Elliott State Forest: For Sale to Private Bidders

By Carl Segerstrom

– The Elliott State Forest is a public trust area home to numerous populations of endangered species

Salem, Ore.– On Oct. 11 over 100 people demonstrated against the pending sale of the Elliott State Forest at the Oregon Department of State Lands meeting.

The event was organized by Oregon environmental groups to show the State Land Board that citizens throughout the state oppose the sale of the Elliott to private interests.

On July 27 the Department of State Lands announced the “fair market value” of the 82,500-acre common school fund lands in the Elliott at $220.8 million. According to their website, the Department of State Lands will be accepting acquisition plans until Nov. 11 of this year. Representatives of environmental organizations from Coos Bay to Portland teamed up with the Save the Elliott campaign to rally support. Demonstrators gathered and gave speeches outside the State Land Board building in Salem before the meeting and offered over an hour of input during the public comment period.

Supporters of keeping the Elliott public cited recreational opportunities, carbon sequestration potential and endangered species habitat as some of the public goods that would be lost if the State sold the Elliott. The Elliott State Forest is home to federally endangered species including northern spotted owls, marbled murrelets and coho salmon.

Max Beeken, the Co-Director of Coastal Range Forest Watch, said the event and public meeting were an important part of his organization’s work to stop the sale of the Elliott. “This is the last State Land Board meeting before they make their decision,” Beeken said. “It is a critical time for us to make our point with a bunch of people here.”

Demonstrators came from all over the state, including as far away as Ashland.

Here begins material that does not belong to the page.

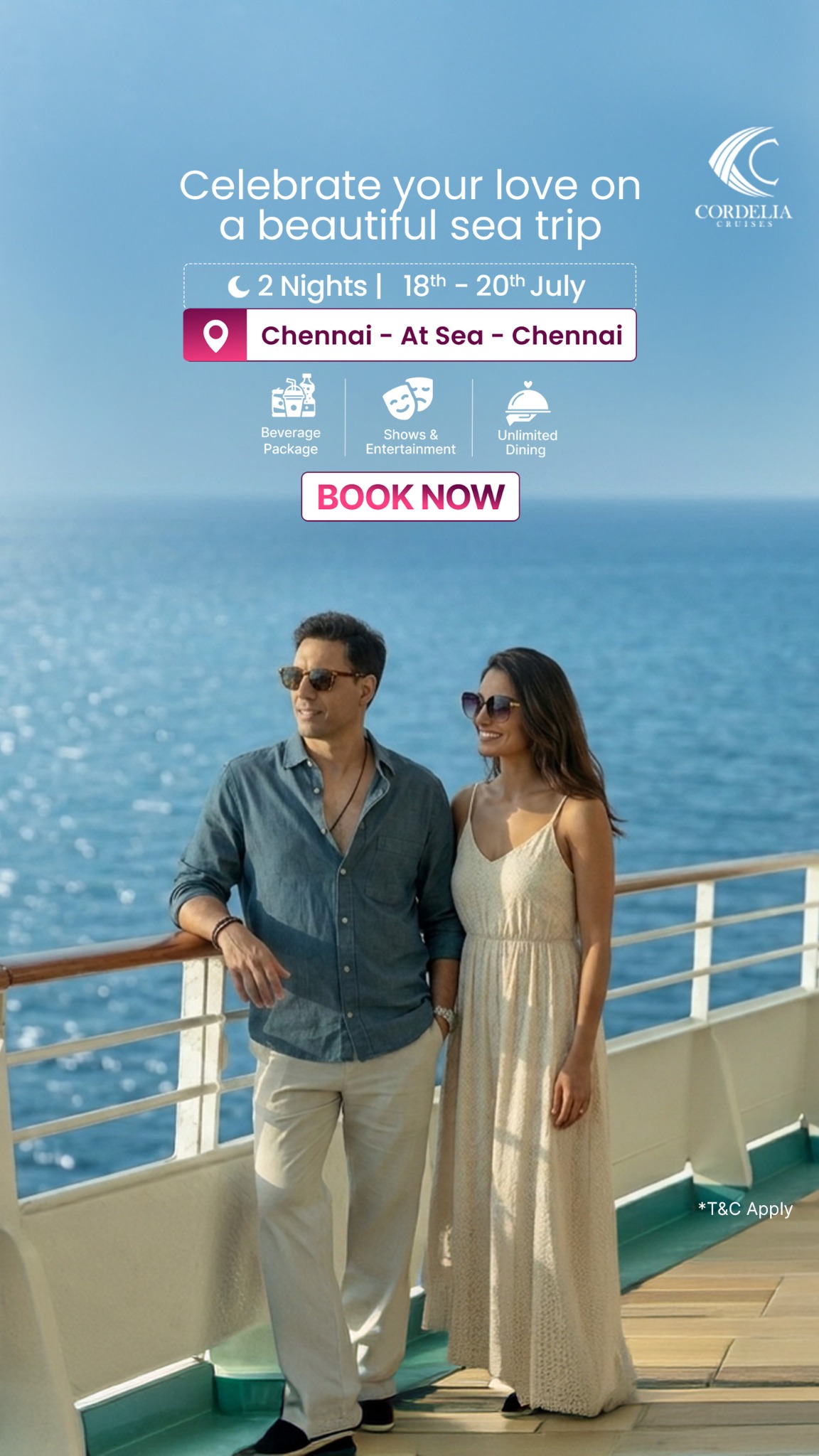 Cordelia Cruises Facebook ad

A group of over 30 from Coos Bay, which neighbors the Elliott, arrived in a school bus.

Conservation field coordinator for the Audubon Society of Portland Micah Meskel said the expectations for the event and public hearing were to show the State Land Board, “…that Oregonians do not accept the privatization of public lands.”

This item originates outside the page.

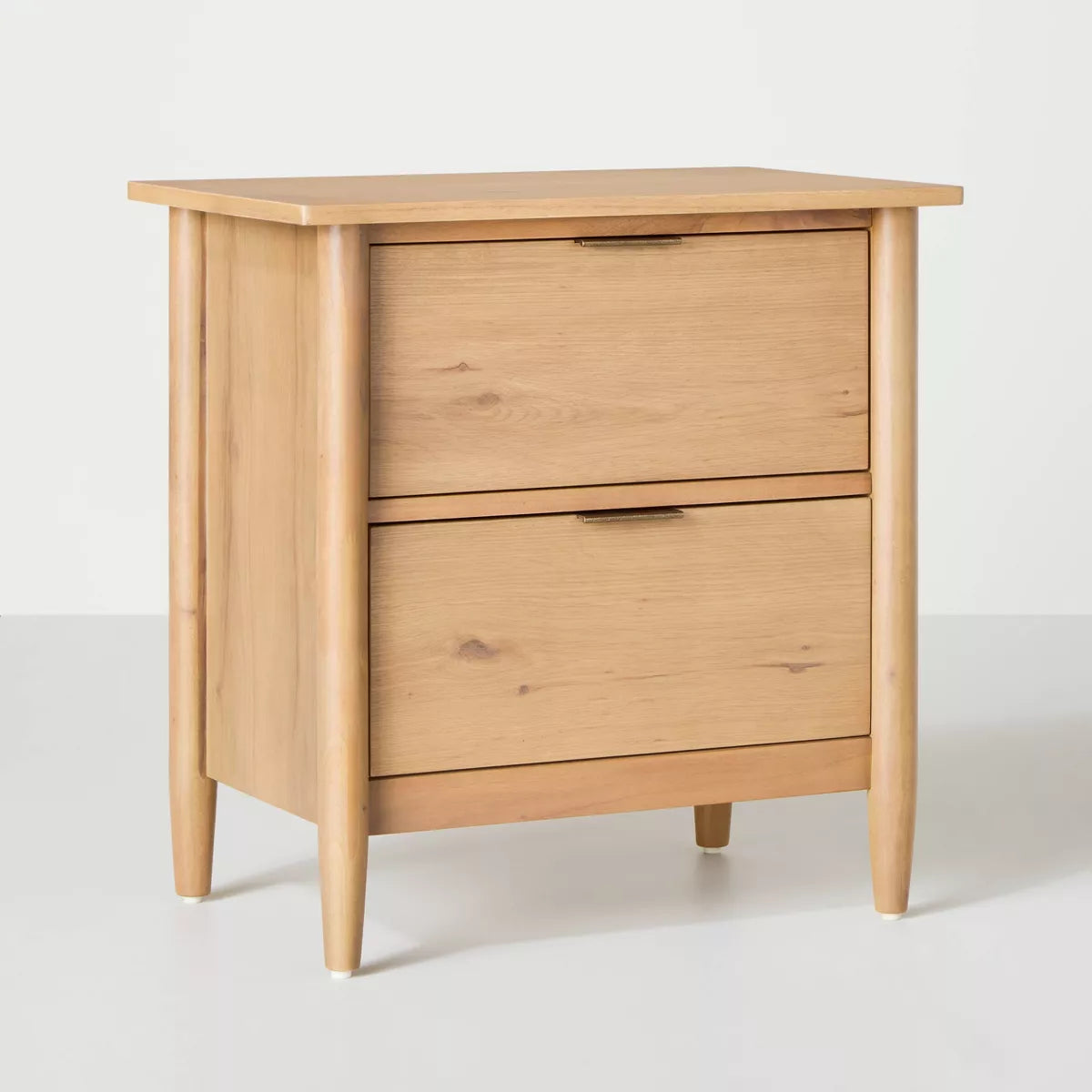 Drawer Modern Wood Nightstand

“We expect the state and state leaders to really take a hard look at what they are doing,” Meskel said, “and instruct the Department of State Lands to really find a real solution for the Elliott that keeps it in state ownership.”

The State Land Board is comprised of Governor Kate Brown, State Treasurer and Portland mayoral candidate Ted Wheeler, Secretary of State Jeanne Atkins and three appointed land board assistants. Of the more than 30 speakers during the public comment period, only one supported selling the Elliott.

The next State Land Board meeting, when the sales announcement is scheduled to be made, is Dec. 13.